I’m in the market for a fence. It be so very nice to be able to let my dog out into the back yard instead of walking him on a leash. So we looked up a fence contractor, picked out a fence, and had our pen out to sign on the dotted line, when my wife asked a great question:
What’s the warranty on this fence?
The answer was: There is a lifetime warranty. That’s pretty sweet, right? Hard to go wrong with that. The natural question I had was, “Whose lifetime and how does it work?” These are the things that I’m curious about. Could I have my 6-month old put his hand print on the contract and funnel the payment through his bank account?
Turns out that the warranty is for the owner of the house, so that won’t work. As our home, is co-owned, I assume that it’s the lifetime of whoever lives longer, but maybe I should read the details on that.
The thing that really struck me as odd though, is that the warranty is void if we sell the house to someone else. This just didn’t seem right to me. The fence company shouldn’t care who lives in the house. They shouldn’t get out easy if I’m house flipper. Furthermore, if we do sell the house, the fence is an asset, and it would nice if that asset some time left on the warranty.
In the end, it probably doesn’t matter too much. The warranty only covers defects and I think those would be evident relatively quickly. The thing that’s mostly likely to be a problem is the weather, and acts of God aren’t covered in the warranty.
Readers, should I look for a different fence company or just suck it up and deal?
Excessively long term warranties, including “lifetime”, are nothing more than a sales gimmick. The only reason you might want to avoid them is because sometimes, the cost of that excessive warranty is built into the price of the product. But if the product is otherwise competitively priced, having a pointless bullet point on their sales brochure shouldn’t hurt.

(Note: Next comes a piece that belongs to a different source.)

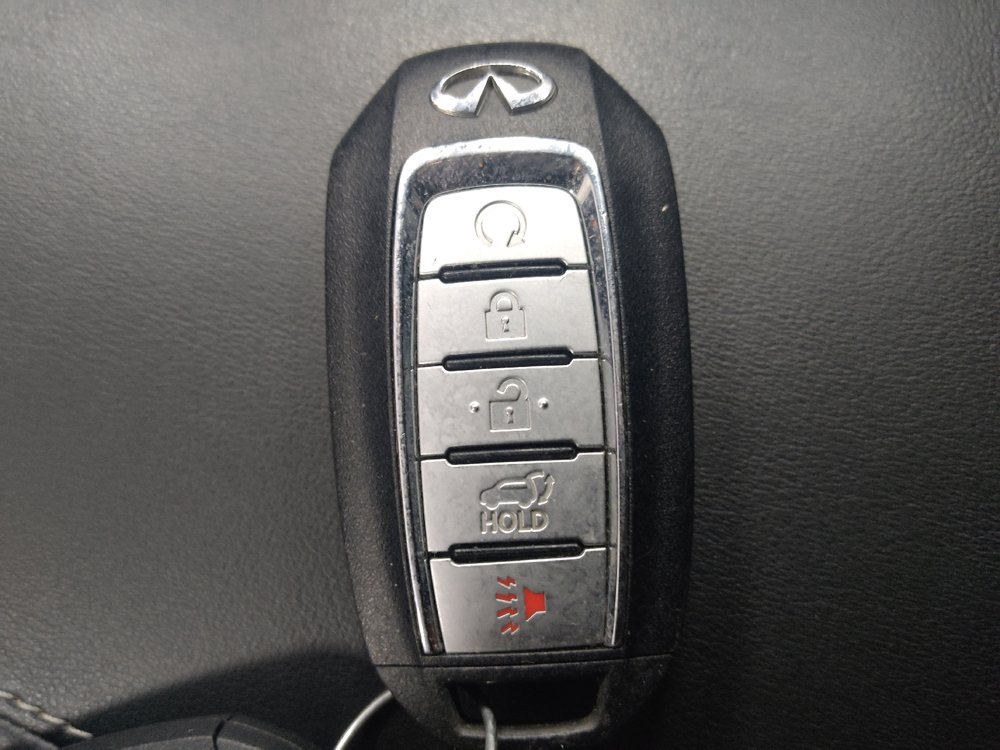 Used 2020 INFINITI QX50 Essential w/ Edition 30 Package AWD/4WD image 32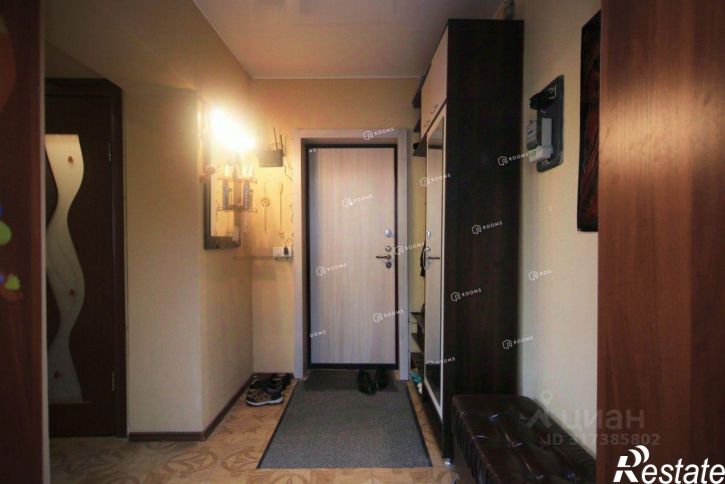 3-комн квартира улица Сойфера, 1,  д. 1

Kevin Watts @Graduatingfromdebt says
This is something I always curious about myself. Good to know. I think you should stick to them if you think the product is worth it.
Matt G says
So, you could say you’re on the fence with lifetime warranties? /sorry
Usually an offer of a lifetime warranty means that the product doesn’t need a warranty or that it’s very limited in its scope.
Money Beagle says
We just finished getting a new roof on our house and they go through the same gimmick with shingles. The roofer told us that our shingles that he tore off should be covered under a warranty as they are 25 year shingles and the house is only 15 years old. Sure enough, that would only apply if we were the original owners (we’re the third). Same with the warranty we got. It actually will transfer once, though it immediately reduces the coverage, and after one transfer that too is 100% null.